Don’t wait…communicate: September is National Preparedness Month


Horrific wildfires have displaced hundreds of California residents from their homes this summer.  Hurricanes and fierce storms in Florida and the Gulf Coast have damaged more homes, sending citizens fleeing for shelter.  And eight tornadoes carved through Indiana in August leaving scores homeless.

Every time I witness Mother Nature’s fierceness on the news, it reminds me of the two earthquakes my family and I lived through in Los Angeles – the Sylmar quake of 1971 and the 1994 Northridge earthquake.  Even though those earthquakes were frightening and caused so much damage to our city, I’m embarrassed to say I still don’t have a preparedness plan in place. But September is National Preparedness Month, and it’s  nudging me to finally get started!

A key component of being prepared is to develop a family communications plan.  According to the Centers for Disease Control and Prevention (CDC), less than  half of U.S. adults  do not have the resources and plans in place for a possible emergency.

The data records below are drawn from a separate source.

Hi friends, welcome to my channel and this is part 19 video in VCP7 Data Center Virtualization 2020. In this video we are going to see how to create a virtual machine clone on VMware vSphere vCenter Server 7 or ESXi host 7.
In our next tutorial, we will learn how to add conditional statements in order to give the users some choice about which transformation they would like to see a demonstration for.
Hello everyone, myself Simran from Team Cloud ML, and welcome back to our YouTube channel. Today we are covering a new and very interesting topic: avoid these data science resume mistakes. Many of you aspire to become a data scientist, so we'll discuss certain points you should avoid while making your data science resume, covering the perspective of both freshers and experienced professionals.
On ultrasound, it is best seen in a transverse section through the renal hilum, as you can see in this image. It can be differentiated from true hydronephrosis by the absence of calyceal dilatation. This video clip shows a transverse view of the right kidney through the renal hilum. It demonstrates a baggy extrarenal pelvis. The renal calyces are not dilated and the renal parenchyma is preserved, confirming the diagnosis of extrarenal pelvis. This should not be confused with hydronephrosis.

“We recognize that people generally don't like thinking about disasters, and getting started with preparing can seem overwhelming,” says Kurt Kainsinger, director of UCLA Health’s Office of Emergency Preparedness. “It doesn't matter where you start, the important thing is to start today by reviewing your emergency provisions and begin having  these important conversations with your family, friends and neighbors.”

William Dunne, administrative director of UCLA Health’s Emergency Preparedness, Safety and Security Services, says a  communications plan “ensures that you will be able to locate and verify your loved ones’ well-being after a large-scale disaster.” Dunne and his team are encouraging all doctors, nurses and staff at Ronald Reagan UCLA Medical Center to be prepared and have a plan in place.  “It’s especially important if your job is one that the community depends upon during a disaster.”

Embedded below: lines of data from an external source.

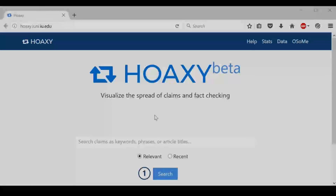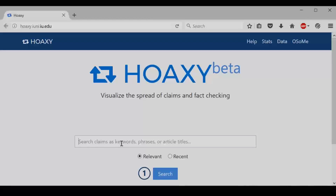Welcome to Hoaxie. Hoaxie is a public tool for visualizing the spread of fact checking and claims on social media. You can use it a bit like Google. Let's say you want to learn more about the claim that an asteroid has been spotted and will hit the earth and destroy civilization.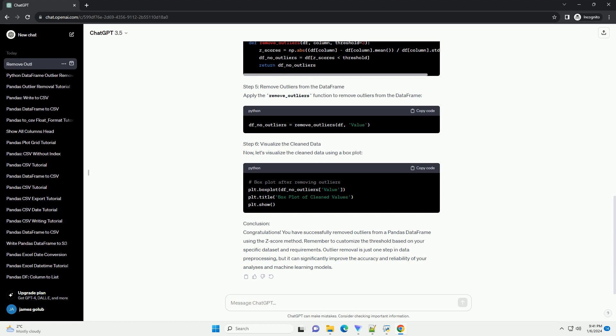Requirements: Make sure you have the following libraries installed before proceeding. Step 1: Import Necessary Libraries.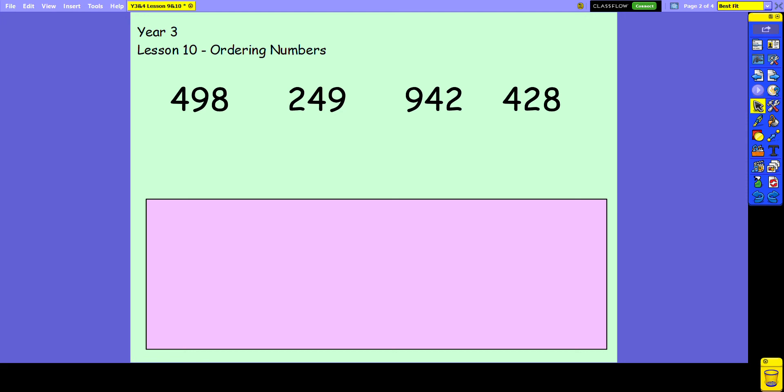In today's lesson we're looking at ordering numbers, building on yesterday's work of comparing numbers. But instead of just looking at two numbers at a time, we might be looking at a whole group of numbers.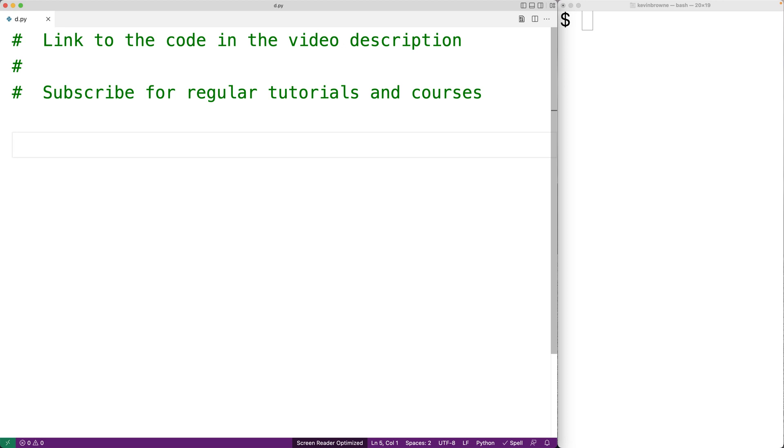In this video, we're going to learn how to make a menu for a console application in Python. We're going to present the user with a set of options to choose from again and again until they choose to quit. As the user selects each option, we'll carry out the functionality associated with that option. To keep things simple for this example, we'll model an ATM machine that allows a user to deposit money, withdraw money,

According to UCLA Health, your family communication plan should include contact information for:

  • Each family member
  • An out-of-state contact
  • Utility and insurance companies
  • Local emergency response agencies (i.e. fire and police)
  • Children’s schools
  • Family members’ places of employment

Dunne encourages everyone to learn what to do before, during, and after an emergency.  This includes having an up-to-date contact list for those you may need to reach during a disaster and establishing alternate methods of communication in case traditional means are not available.  He notes that UCLA Health has an emergency preparedness starter kit list to kick-start your plan, along with general emergency preparedness information.

“It is also important to develop a personal preparedness kit for each member of your family, including precious pets,” says Kainsinger.  “These kits should be accessible at home, at work or school, and for your commute.  The CDC, American Red Cross and websites have checklists that are informative and easy to follow.”

UCLA Health also has a one -year personal preparedness challenge with a monthly ‘to-do’ list to get you ready and to stay ready. So, take the challenge with me and let’s get prepared this month!